The following graph shows that both scenarios started with the same number of shares. But after redeploying cash in 2009, scenario B now has 50% more shares to earn dividends and profits.

Bear Market Wealth Management, Bear Market Wealth Management

A bear market wealth management strategy is simple with 20/20 hindsight. In reality, we know that getting in and out of markets at the exact top or bottom is impossible. The point of the example is to show that any reduction of exposure that diminishes your losses. Accordingly, it leaves you more wealth to invest when the bull market returns.

To boil this down, all we did was cut our exposure in half for two years over 18 years.
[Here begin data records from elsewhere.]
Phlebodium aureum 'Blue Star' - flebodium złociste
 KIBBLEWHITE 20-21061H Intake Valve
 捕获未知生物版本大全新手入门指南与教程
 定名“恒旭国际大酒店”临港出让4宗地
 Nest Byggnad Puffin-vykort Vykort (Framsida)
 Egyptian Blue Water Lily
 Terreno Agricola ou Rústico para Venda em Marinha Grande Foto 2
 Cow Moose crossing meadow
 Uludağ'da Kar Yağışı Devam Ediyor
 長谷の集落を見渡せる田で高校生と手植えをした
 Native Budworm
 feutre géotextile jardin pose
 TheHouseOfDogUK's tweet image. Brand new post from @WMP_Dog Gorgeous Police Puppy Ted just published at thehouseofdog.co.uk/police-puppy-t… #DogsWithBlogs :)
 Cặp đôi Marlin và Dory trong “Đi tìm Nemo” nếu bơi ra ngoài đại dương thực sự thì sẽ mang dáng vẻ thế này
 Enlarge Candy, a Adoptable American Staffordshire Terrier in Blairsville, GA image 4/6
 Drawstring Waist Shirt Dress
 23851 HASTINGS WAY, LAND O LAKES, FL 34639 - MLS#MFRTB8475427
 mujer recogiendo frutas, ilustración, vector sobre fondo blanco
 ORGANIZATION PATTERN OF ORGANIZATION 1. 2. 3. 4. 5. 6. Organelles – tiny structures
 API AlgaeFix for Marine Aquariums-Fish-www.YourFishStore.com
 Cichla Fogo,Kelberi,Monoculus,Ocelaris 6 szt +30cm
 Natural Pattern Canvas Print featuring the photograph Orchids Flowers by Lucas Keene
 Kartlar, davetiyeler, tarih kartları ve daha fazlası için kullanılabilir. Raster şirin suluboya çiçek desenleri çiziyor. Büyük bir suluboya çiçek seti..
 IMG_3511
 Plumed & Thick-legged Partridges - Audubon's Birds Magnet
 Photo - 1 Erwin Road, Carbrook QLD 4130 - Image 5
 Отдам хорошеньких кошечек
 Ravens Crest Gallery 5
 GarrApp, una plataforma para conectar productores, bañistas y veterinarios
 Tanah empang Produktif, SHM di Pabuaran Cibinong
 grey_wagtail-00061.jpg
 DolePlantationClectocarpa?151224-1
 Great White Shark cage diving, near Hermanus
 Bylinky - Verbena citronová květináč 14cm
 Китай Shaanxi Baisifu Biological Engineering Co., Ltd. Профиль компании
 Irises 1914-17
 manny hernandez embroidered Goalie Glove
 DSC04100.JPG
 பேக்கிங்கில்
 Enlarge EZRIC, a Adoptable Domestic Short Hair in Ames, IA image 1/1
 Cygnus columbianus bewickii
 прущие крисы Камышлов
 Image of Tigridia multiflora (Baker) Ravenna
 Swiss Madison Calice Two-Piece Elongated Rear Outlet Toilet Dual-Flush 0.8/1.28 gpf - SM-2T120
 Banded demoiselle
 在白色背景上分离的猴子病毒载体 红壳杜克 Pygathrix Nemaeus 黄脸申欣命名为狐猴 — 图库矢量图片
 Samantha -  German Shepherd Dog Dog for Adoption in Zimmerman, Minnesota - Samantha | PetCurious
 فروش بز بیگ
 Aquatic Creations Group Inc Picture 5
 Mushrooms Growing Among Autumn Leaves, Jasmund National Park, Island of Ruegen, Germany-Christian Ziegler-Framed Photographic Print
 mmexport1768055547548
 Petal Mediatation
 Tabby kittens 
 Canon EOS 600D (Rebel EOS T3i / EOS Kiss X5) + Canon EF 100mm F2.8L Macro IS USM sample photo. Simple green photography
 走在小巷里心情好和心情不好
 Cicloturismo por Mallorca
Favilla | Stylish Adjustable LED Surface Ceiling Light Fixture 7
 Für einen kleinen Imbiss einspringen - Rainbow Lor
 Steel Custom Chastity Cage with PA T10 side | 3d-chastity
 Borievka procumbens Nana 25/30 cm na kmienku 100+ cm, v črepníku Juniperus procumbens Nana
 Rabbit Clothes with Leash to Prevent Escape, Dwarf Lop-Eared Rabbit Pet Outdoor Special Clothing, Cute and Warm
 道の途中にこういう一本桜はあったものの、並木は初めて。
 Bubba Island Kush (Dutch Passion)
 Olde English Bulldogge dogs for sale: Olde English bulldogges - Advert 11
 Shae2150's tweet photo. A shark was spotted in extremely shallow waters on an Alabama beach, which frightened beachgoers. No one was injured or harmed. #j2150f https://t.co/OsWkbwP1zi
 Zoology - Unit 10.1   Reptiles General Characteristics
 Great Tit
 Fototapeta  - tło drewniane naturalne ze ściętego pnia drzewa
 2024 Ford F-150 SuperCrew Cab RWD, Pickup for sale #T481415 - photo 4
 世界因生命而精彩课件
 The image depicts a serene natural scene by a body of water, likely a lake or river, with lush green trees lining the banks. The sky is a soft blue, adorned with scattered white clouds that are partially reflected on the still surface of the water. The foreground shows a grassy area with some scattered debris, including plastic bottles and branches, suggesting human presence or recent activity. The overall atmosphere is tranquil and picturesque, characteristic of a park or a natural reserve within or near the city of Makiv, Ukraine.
As a result, our wealth was 41% greater than it would have been. Had we reduced our exposure more and acted similarly in 2020 and 2022, the relative returns would have been even better.

Summary

The benefit of compounding is maximized when a portfolio can feed on itself. Ben Franklin summarized compounding as follows:

The money that money earns, earns money

Any reduced exposure to stocks in a bear market leaves more money to buy stocks when prices are lower. The advice is so simple yet so hard for many investors to follow.

The mutual fund complexes and banks and brokers want commoditized markets. What better way than passive strategies to create a one size fits all approach? While buy and hold and other passive strategies may help their bottom lines, they are not always best for your bottom line.

We end with an oldie but goodie from Lance Roberts:

“It is ALWAYS okay to miss out on an opportunity, as opportunities come along as often as a taxicab in New York City. However, it is IMPOSSIBLE to make up losses as you can never regain the time lost getting back to even”.